• **Aim of the task**: Return, with both end lines included, exactly what the data below holds from the line with "6 Ruskview Rd #2, Kitchener, ON N2M4S2" through the line with "Tesla Model Y", though not the pictures.

• **Record extracts**:
▬▬▬▬▬▬▬▬▬▬

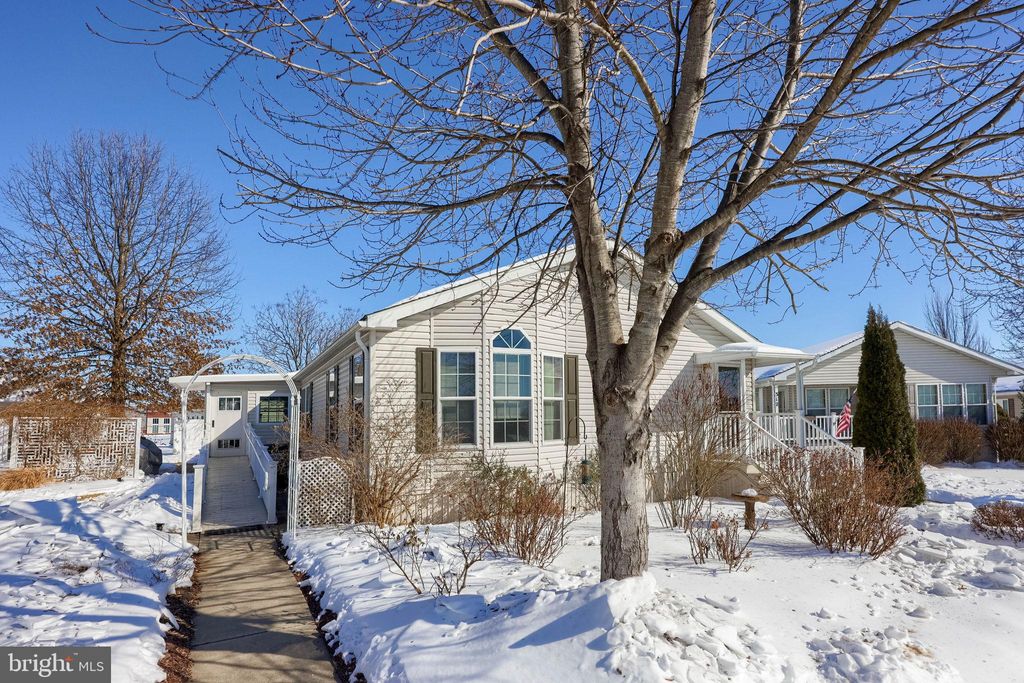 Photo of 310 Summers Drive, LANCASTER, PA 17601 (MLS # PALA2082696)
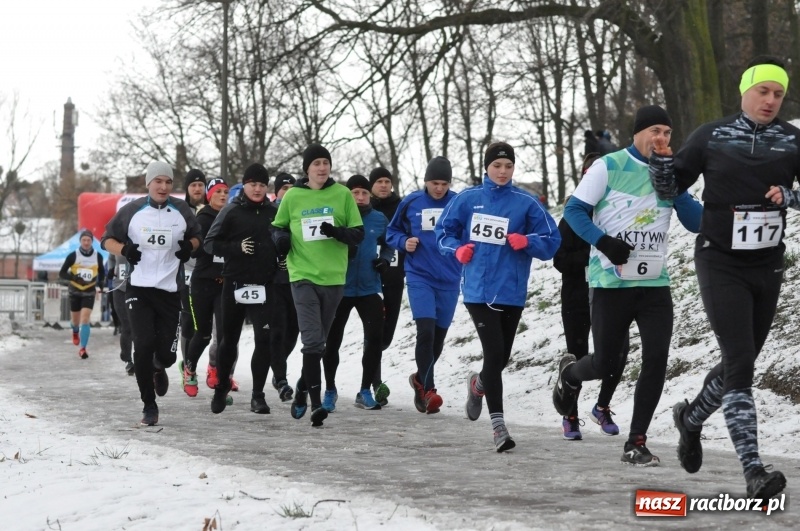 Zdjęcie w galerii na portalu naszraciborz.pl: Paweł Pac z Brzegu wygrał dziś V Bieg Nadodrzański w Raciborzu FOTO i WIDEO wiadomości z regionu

▬▬▬▬▬▬▬▬▬▬

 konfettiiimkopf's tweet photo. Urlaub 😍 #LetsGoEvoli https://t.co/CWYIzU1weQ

▬▬▬▬▬▬▬▬▬▬

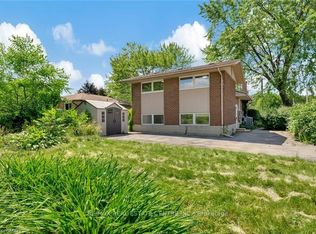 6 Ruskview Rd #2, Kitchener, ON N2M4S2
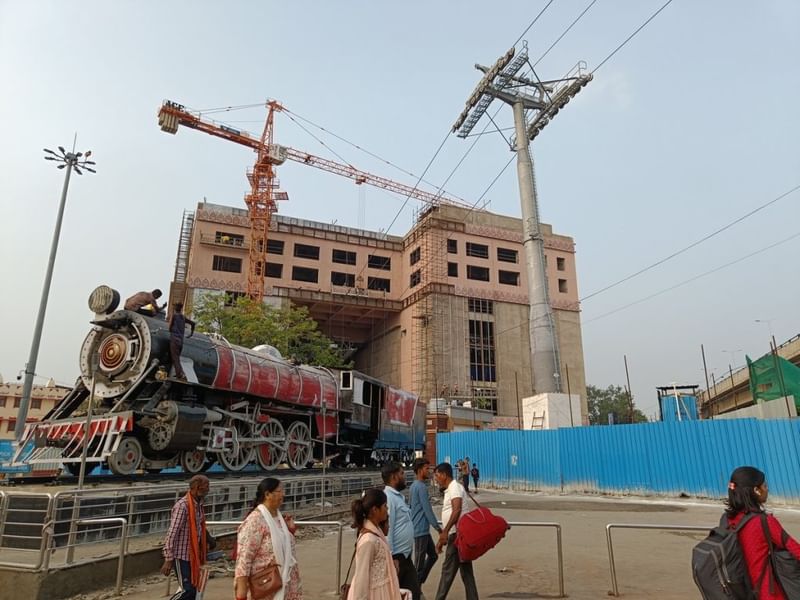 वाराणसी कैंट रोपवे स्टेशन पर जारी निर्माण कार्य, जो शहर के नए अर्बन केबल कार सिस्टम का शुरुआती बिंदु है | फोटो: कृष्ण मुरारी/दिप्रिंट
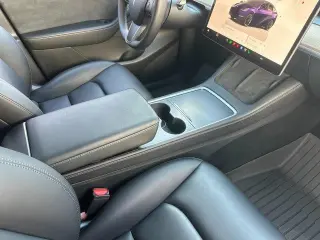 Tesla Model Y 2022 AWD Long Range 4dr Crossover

▬▬▬▬▬▬▬▬▬▬

• **Result for this exercise**:
 6 Ruskview Rd #2, Kitchener, ON N2M4S2
 वाराणसी कैंट रोपवे स्टेशन पर जारी निर्माण कार्य, जो शहर के नए अर्बन केबल कार सिस्टम का शुरुआती बिंदु है | फोटो: कृष्ण मुरारी/दिप्रिंट
 Tesla Model Y 2022 AWD Long Range 4dr Crossover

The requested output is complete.